Ce roman ne peut pas être résumé : on perdrait toute la dimension poétique en se frottant à cet exercice. Si nous pouvons dire qu’il s’agit d’une femme qui prend la fuite avec sa fille, on lit ce roman comme un long poème, dédié à la vie, à ses peurs, à ses craintes, à ce que nous sommes et ce que nous pouvons devenir. Ce livre raconte l’espoir, la prise en main d’une vie que nous pensions toute tracée. Ce livre raconte aussi l’amour, sous toutes ses formes. L’amour filial qui n’est pas toujours compris lorsqu’il est là, l’amour conjugal qui parfois n’est déjà plus là, l’amour de la nature, l’amour de cet autre qui représente la liberté… Un roman polymorphe dans lequel le lecteur est plongé. Une jolie parenthèse poétique.

Emmanuelle Florquin, Walter ou l’impossible algorithme du Commis Voyageur, Librinova.

« Que crois-tu donc avoir été ? un dandy venu d’une autre époque ? Crois-tu vraiment que tu venais de nulle part ? As-tu oublié ces centaines de milliers de kilomètres chaque année que tu faisais ? mordre sur tes dents que tu disais… t’as oublié le prix payé pour te sentir le week-end gai et spirituel en claquant ton fric, le prix de la route tu l’as oublié et celui de tes clients aussi qui t’emmerdaient au point que tu ne leur répondais plus, t’as oublié ? Crois-tu avoir été unique ? Exceptionnel ? Tes souvenirs ont fait de moi un mythe. Le pire c’est que tu te crois encore anti-conformiste mais quand donc vas-tu me lâcher les bretelles Walter ! »

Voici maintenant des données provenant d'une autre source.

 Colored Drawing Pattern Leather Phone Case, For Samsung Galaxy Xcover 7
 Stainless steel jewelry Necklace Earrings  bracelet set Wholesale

« Au hasard il avait tapé dans Google Le Problème du commis voyageur (The Salesman’s Problem) et avait découvert avec stupeur qu’il s’agissait d’un problème mathématique, un algorithme ! Un monde gigantesque s’ouvrait à lui. Richard avait donc vu juste en martelant à tout le monde que les déplacements d’un commis voyageur posaient problème, les scientifiques même le disaient que c’était mathématiquement insoluble et depuis des lustres ! Quelle trouvaille ! Quelle énigme ! »

Alors que certains départements se voient confiner le week-end, il est temps – si vous avez une pile à lire qui s’épuise – de faire les stocks ! Pour ma part, je ne suis jamais à court de livres, tant ma bibliothèque regorge de romans achetés, trouvés, donnés, qui sont encore à lire ! En cette fin février, je vous présente le dernier roman d’Emmanuelle Florquin, que je remercie d’ailleurs pour l’envoi de son livre. Pour une férue des mathématiques que je suis, j’ai trouvé le titre très original et il m’a fait me poser plein de questions sur l’intrigue qui pouvait se dessiner derrière…

Walter était un commercial. L’un des meilleurs, au chiffre d’affaire annuel qui explose. Pourtant, lorsque son ancienne entreprise veut lui faire signer un contrat, cela n’a plus rien à voir. Les directeurs ne sont plus les mêmes, et le nouveau a clairement une dent contre Walter. Entre bâtons dans les roues, rabaissement et pièges tendus, Walter continue pourtant inlassablement à travailler du mieux qu’il peut. Comment ce personnage va-t-il se construire dans ce monde du travail en contraste avec ce qu’il a pu connaître dans une autre époque ?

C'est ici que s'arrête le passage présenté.